Tens of thousands of Islamist supporters of Egyptian President Mohamed Morsi gathered in Cairo after Friday prayers to show support for the elected head of state before protests that his opponents hope can force him from office. Crowds converged on a mosque in the suburb of Nasr City, many waving the national flag, some carrying pictures of the bearded president, in what is intended to demonstrate the Islamists' strength of numbers ahead of the opposition rallies set for June 30, the first anniversary of Morsi's inauguration.
"Yes to respecting the will of the people!" read some banners. "There are people seeking a coup against the lawful order," said demonstrator Gaber Nader, 22, his head protected from the burning sun by a green banner from Morsi's Muslim Brotherhood, the movement whose organisational strength has won it successive elections since the overthrow of Hosni Mubarak in 2011.
"Dr Morsi won in free and fair elections like in any state in the world," Nader said, shrugging off concerns among the less well organised opposition that the Brotherhood is aiming for a monopoly of power and to install Islamic rule and social order. "Secular parties are eating the democracy God gave them."
Morsi's opponents say they have gathered about 15 million signatures - more than the 13 million votes that elected Morsi a year ago - on a petition calling on him to step down; they say new elections could end the paralysing polarisation of society, though no obvious leader has emerged to build consensus. Morsi's opponents have attracted support from many Egyptians who are less politically engaged but exasperated by economic stagnation under the Islamists.
Supporters of the Brotherhood feel their electoral success is under siege from unelected institutions and vested interests rooted in the Mubarak era, when their party was banned. Reflecting this, some in Friday's crowd - mostly men, with a few heavily veiled women - chanted for "A purge of the judiciary!" and "A purge of the media!" There was no trouble evident in Cairo, where people packed streets for hundreds of metres around the rallying point at the mosque; there were scuffles in Alexandria when Morsi supporters and opponents faced off briefly in Egypt's second city.

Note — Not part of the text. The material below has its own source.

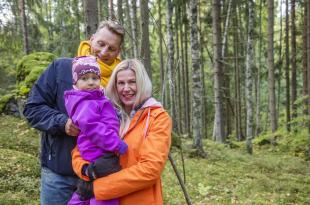 Kaksi aikuista ja lapsi metsässä.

In Cairo, Brotherhood members armed with green staves said they were ready to protect demonstrators from "thugs". "The other side will take this as an excuse for anarchy," said one man on guard, 26-year-old preacher Amr Hamam, pointing to dozens of injuries in scuffles across Egypt in the past week.
Friday's rally was held close to the spot where Islamists gunned down Mubarak's predecessor Anwar Sadat in 1981. The Brotherhood had by that time renounced violence but suffered in a crackdown after Sadat died, as did hard-liners from al-Gamaa al-Islamiya, which was involved in the assassination. Unable, or unwilling, to draw more liberal figures into his administration, and losing the full support of the conservative Salafi Islamist Nour party, Morsi has turned to more radical groups for backing - notably to Gamaa al-Islamiya, one of whose members he made governor of the tourist town of Luxor this week.
That appointment infuriated many who fear further eroding of tourism revenues, since Gamaa al-Islamiya is associated with the massacre at a pharaonic temple in Luxor in 1997 of dozens of foreign visitors, although it has also now renounced violence, On Friday, dozens of Gamaa al-Islamiya supporters joined the rally for Morsi. Waving their party banner, men chanted their demand for the imposition of Islamic law and rejection of "liberal violence": "The people want God's law," they repeated.
One woman, in black veil and green Islamic headband, said she feared the removal of Morsi would return Egypt to the army rule under which her son was tortured: "They destroyed his mind," Zeinab Abdullah, 54, said. Such fears among Islamists have led some to warn of civil war if the generals who oversaw the transition from Mubarak to elections move against Morsi.
Opposition groups range from the young liberals who first took to Tahrir Square in January 2011 to challenge Mubarak, to conservatives yearning for the stability of army rule. Many in Egypt's 10-percent Christian minority also fear the Islamists. Mohamed ElBaradei, the former top UN diplomat who is a leader of the opposition "Rebel!" campaign, told Al-Hayat newspaper that economic problems, including power cuts as summer heat takes hold, were fuelling support for a movement which he said hoped to end the "total polarisation in Egypt".
ElBaradei said a united opposition push could bring an early presidential election that would unseat Morsi, though he himself would not run: "The division of the opposition put Morsi in power and I believe it has realised this mistake," he said. Rhetoric has grown more toxic in recent days: one Islamist cleric referred to Morsi's opponents as "infidels" during a rally attended by the president last week.
The opposition are billing it as Morsi's last days in office, hoping for a repeat of the uprising that toppled Mubarak two and half years ago. But lawyer Ahmed Farrag, 60, who came from Alexandria to rally for Morsi in Cairo on Friday, said: "It is a coup against the legitimate authorities by counter-revolutionaries present among the opposition parties and remnants of the regime."